Task goal:
Word for word, set down every line of the entries below from the line with "Elegantes EFH in traumhafter Lage - Jengen" to the line with "Appartement Paris Sud-porte", including both, and no other line.

•••

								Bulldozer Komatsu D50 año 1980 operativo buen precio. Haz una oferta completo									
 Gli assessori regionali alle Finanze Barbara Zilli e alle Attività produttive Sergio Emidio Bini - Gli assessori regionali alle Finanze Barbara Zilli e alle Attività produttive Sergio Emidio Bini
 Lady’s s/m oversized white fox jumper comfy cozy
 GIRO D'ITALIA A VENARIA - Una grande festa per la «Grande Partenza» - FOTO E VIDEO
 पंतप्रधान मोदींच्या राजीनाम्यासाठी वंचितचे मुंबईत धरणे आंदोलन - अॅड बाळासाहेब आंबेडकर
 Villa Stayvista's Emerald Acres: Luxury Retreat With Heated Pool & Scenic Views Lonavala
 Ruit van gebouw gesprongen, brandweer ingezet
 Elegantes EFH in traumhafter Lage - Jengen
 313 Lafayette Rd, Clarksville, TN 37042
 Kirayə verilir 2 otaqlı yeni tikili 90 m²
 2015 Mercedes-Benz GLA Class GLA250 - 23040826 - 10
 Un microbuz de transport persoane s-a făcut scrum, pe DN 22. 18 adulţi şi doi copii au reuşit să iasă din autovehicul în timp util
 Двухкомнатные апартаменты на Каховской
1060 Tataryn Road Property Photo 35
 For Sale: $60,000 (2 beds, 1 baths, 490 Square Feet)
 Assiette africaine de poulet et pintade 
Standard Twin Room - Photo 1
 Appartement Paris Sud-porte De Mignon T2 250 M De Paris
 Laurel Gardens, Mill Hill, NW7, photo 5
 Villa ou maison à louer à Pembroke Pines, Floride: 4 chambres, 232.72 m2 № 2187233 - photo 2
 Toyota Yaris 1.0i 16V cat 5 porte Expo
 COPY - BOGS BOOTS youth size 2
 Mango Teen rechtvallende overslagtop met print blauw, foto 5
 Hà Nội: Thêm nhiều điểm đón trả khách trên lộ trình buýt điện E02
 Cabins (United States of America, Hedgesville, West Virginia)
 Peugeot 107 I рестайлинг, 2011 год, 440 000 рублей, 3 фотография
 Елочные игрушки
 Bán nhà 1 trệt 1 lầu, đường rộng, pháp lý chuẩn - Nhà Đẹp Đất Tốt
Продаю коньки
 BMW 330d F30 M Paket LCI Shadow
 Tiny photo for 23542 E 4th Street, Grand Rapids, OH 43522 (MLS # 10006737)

•••

Response:
 Elegantes EFH in traumhafter Lage - Jengen
 313 Lafayette Rd, Clarksville, TN 37042
 Kirayə verilir 2 otaqlı yeni tikili 90 m²
 2015 Mercedes-Benz GLA Class GLA250 - 23040826 - 10
 Un microbuz de transport persoane s-a făcut scrum, pe DN 22. 18 adulţi şi doi copii au reuşit să iasă din autovehicul în timp util
 Двухкомнатные апартаменты на Каховской
1060 Tataryn Road Property Photo 35
 For Sale: $60,000 (2 beds, 1 baths, 490 Square Feet)
 Assiette africaine de poulet et pintade 
Standard Twin Room - Photo 1
 Appartement Paris Sud-porte De Mignon T2 250 M De Paris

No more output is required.